Exploring finite time singularity via collision of inviscid vortex rings

Motivated by the recent model on the possible formation of finite-time singularity (FTS) by Moffatt & Kimura [J. Fluid Mech. 861, 930 (2019); J. Fluid Mech. 870, R1 (2019)], we conducted a numerical study of two colliding slender vortex rings with the same condition as those used in Yao & Hussain (J. Fluid Mech., vol. 888, 2020a, R2) for three-dimensional incompressible Euler equations. While most metrics – such as the separation s and curvature κ at the two tipping points – exhibit similar trends as predicted by the Moffatt-Kimura model, significant differences are indeed found between them. Specifically, computed κ and the maximum vorticity ∥ω(x, t)∥∞ grow much slower than the model’s prediction.
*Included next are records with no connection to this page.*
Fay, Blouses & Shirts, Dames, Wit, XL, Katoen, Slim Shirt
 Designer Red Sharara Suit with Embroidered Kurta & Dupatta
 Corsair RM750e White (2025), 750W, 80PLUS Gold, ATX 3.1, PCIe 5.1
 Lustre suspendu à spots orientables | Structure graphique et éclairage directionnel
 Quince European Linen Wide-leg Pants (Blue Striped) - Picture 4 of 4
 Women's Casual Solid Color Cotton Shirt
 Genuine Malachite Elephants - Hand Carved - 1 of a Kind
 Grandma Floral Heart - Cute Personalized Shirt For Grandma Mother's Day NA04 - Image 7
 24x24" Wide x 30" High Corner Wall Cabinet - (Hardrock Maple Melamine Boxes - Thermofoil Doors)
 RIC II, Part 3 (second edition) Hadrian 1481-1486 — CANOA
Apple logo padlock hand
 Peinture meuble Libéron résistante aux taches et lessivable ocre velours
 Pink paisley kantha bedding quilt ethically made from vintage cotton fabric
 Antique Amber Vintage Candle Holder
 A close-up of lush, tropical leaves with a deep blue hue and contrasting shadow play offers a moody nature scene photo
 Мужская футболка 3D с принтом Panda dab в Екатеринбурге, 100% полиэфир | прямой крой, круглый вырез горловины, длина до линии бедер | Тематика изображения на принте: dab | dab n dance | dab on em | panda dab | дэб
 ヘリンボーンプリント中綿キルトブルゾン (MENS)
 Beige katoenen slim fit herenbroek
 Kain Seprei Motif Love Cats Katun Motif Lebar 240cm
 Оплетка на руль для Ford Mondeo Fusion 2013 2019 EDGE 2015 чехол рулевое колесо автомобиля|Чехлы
Several phenomena that may affect the formation of a finite-time singularity are observed. First, when the two vortices come close (i.e., the separation distance is comparable to the core size), significant core flattening occurs – deforming the initially circular vortex cross-section into elliptical and then into the typical head-tail structures. In addition, near the end of the simulation, the curvature κ at the tipping points eventually saturates. Finally, the strong core dynamics along the vortex centerline can further prevent core size from decreasing and the maximum vorticity from increasing considerably. Whether a finite-time singularity can develop for this configuration still remains an unresolved issue; if it does at all, the singularity time should be much later than the predicted value (i.e., t_c ≈ 0.243).